Empty Eppendorf tube weight was measured. The measurement for each tube was calculated after averaging three consecutive weights. A hole in the stopper of each tube was created by placing a hot instrument and the tooth to be instrumented was forced into the stopper up to the level of cementoenamel junction and was secured to prevent the leakage of coronal extruded debris and irrigant.[19] An Eppendorf tube along with the tooth was placed in a glass vial. The operator view was shielded from seeing the root apex during the instrumentation procedure by a dental dam. A needle was placed alongside the stoppers to balance the internal and external air pressures.[20]

Myers and Montgomery's method of debris collection was used to evaluate the debris extruded during the cleaning and shaping of root canals. This collection method contains a glass vial with a stopper. The stopper has a hole through which the tooth to be instrumented is secured and to equalize internal and external pressure, a 25 gauge needle is placed into the stopper. This glass vial collects the extruded debris which is again placed in a glass flask. Two important things that are to be remembered are, first the assembly should be secured to prevent any movement. Second, a shield with a rubber dam should be formed around the flask so that the operator performing the procedure is not able to see the root, he or she is working on. The methodology also includes weighing the collecting tubes before and after instrumentation with precise microbalance and calculating the net weight difference.[4]

Group A: WaveOne

A large WaveOne file (WO, 40/.08, Dentsply Maillefer) was used in a WaveOne electric motor (Dentsply Maillefer) in reciprocating, slow in-and-out pecking motion according to manufacturer's instructions. After the use of 3–4 pecks up and down movement, the file was withdrawn from the canal; flutes of the file are cleaned with moist gauze and inspected before re-insertion. After every 3 pecks, the canal is irrigated with distilled water and an aspirator is used to suction overflowed irrigating solution from the tooth crown. Once the instrument negotiated the full WL and reciprocated freely the file, and the tooth from the stoppers of the Eppendorf tube was removed.

Group B: ProTaper next

In this group, the PTN file system was used using an endomotor to prepare canals according to the manufacturer's guidelines for sequence. After every use of the instrument, the canal was rinsed with distilled water along with aspiration for suction of flowing irrigating solution where #10 K file was used to confirm canal patency. This procedure was continued until the X1 file reached the WL. The same procedure was performed with X2, X3, and X4 files.[19]

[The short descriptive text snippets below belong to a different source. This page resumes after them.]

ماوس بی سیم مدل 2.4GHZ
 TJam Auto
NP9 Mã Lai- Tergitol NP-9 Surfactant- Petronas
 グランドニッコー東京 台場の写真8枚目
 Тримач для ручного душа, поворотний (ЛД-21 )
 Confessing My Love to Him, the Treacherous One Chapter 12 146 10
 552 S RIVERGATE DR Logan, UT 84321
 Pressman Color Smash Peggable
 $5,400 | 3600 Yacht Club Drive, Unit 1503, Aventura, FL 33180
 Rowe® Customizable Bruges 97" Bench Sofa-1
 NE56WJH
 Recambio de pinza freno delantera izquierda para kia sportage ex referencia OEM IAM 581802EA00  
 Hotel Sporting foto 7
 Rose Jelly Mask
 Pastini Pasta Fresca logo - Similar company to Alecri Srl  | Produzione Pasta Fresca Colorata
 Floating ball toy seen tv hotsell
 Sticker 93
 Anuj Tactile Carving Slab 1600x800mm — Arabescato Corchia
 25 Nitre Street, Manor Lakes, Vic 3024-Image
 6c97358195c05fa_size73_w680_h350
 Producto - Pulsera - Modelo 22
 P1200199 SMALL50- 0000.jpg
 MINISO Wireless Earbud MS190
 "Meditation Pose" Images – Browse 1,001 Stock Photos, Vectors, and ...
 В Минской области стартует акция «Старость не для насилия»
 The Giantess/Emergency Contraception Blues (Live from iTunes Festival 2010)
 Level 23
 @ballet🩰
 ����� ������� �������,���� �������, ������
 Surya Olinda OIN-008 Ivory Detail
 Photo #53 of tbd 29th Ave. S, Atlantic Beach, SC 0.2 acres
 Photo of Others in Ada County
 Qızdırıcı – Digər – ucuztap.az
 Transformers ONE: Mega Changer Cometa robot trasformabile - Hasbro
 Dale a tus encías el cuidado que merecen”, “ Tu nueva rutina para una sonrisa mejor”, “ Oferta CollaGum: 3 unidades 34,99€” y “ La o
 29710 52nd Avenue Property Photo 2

Group C: Hand file Crown-Down technique

Coronal enlargement was performed with #2, #3, #4 gates glidden (GG) drills. Canal preparation was commenced with the #55 K file till the middle third of the canal. As resistance for #55 was felt, the next smaller sized instrument #50, followed by #45 and #40 were inserted to the measured endodontic WL. After every use of the instrument, the canal was rinsed with distilled water along with aspiration for suction of flowing irrigating solution where #10 K file was used to confirm canal patency. Thus, the apical preparation was completed with the #40 K file.[21]

Group D: Hand file Step-Back technique

Step-Back preparation was carried out according to Mullaney as Phase I, Phase II (Phase IIA, Phase IIB). The instrument was advanced in watch winding motion and continued until the file was loose in the position followed by the next larger #15 K file in the same manner. Each file was used in push-pull motion with apical enlargement up to #40/0.02. After instrumentation with each file, the canal was rinsed with distilled water along with aspiration for suction of flowing irrigating solution where #10 K file was used to confirm canal patency. Then, for Step-Back preparation; the #45 K file was set 1 mm short of WL. The progressive filing from #45 K file to 55 K file each at a length 1 mm shorter than the previous file. A GG drill starting with smaller size #2 was gradually increased to #3, #4 extended to mid area of the canal, as the beginning of phase II A. Phase II B-returned to #40 H file to smooth all around the walls was used in vertical push-pull strokes.[21]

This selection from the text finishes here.